WHAT THE TASK ASKS:
Please repeat only the lines below starting at the line that holds "4010 Arcadia Ct, Fayetteville, NC" and ending at the line that holds "Homme en t-shirt", exactly, with both of those lines included and every picture omitted.

DATA UNDER STUDY:
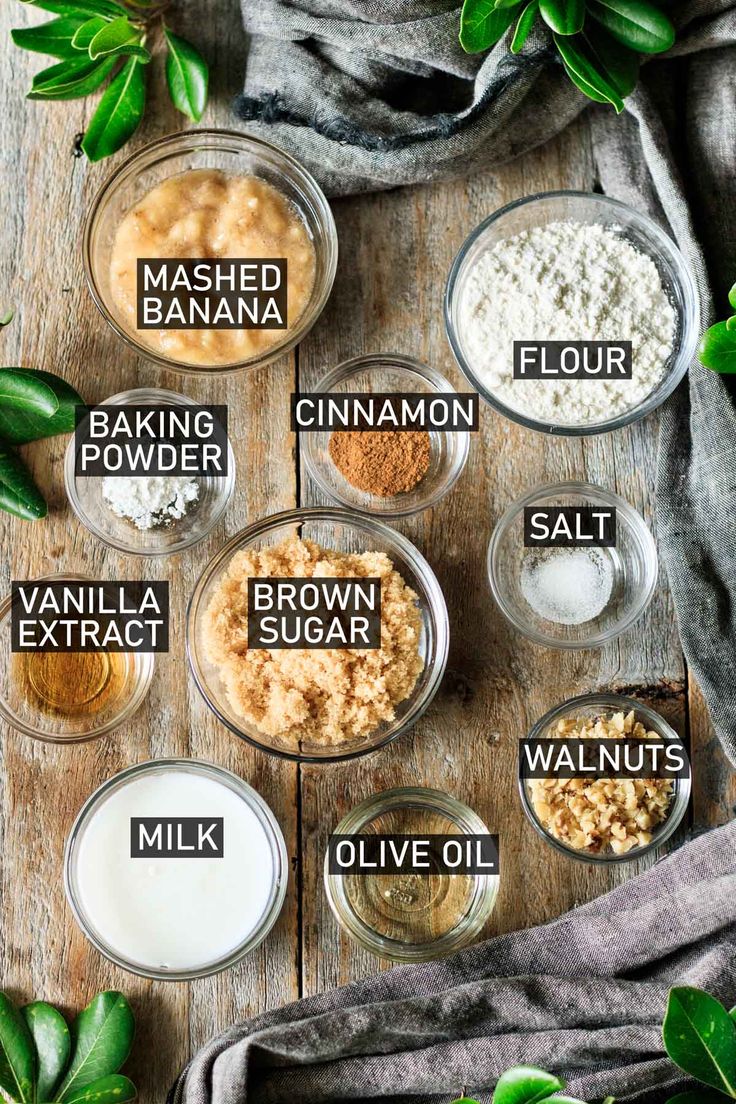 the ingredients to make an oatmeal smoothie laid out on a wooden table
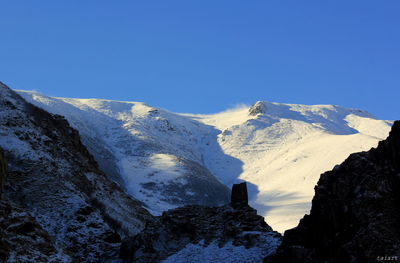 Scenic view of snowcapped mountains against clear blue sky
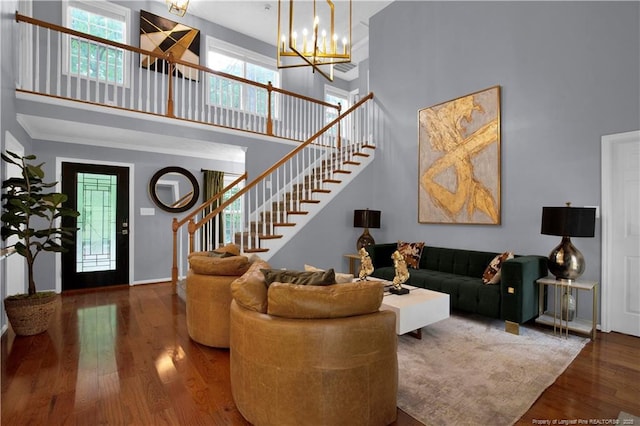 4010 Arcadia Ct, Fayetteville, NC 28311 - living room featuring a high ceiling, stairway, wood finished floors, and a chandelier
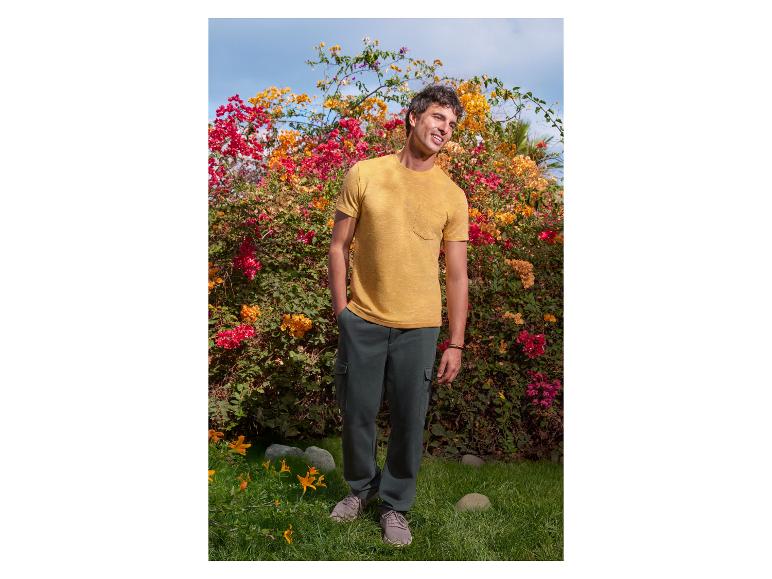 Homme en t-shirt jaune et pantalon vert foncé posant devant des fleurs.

...

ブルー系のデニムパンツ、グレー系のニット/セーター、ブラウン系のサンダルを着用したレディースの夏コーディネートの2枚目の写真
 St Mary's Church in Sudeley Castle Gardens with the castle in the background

YOUR SOLUTION:
 4010 Arcadia Ct, Fayetteville, NC 28311 - living room featuring a high ceiling, stairway, wood finished floors, and a chandelier
 Homme en t-shirt jaune et pantalon vert foncé posant devant des fleurs.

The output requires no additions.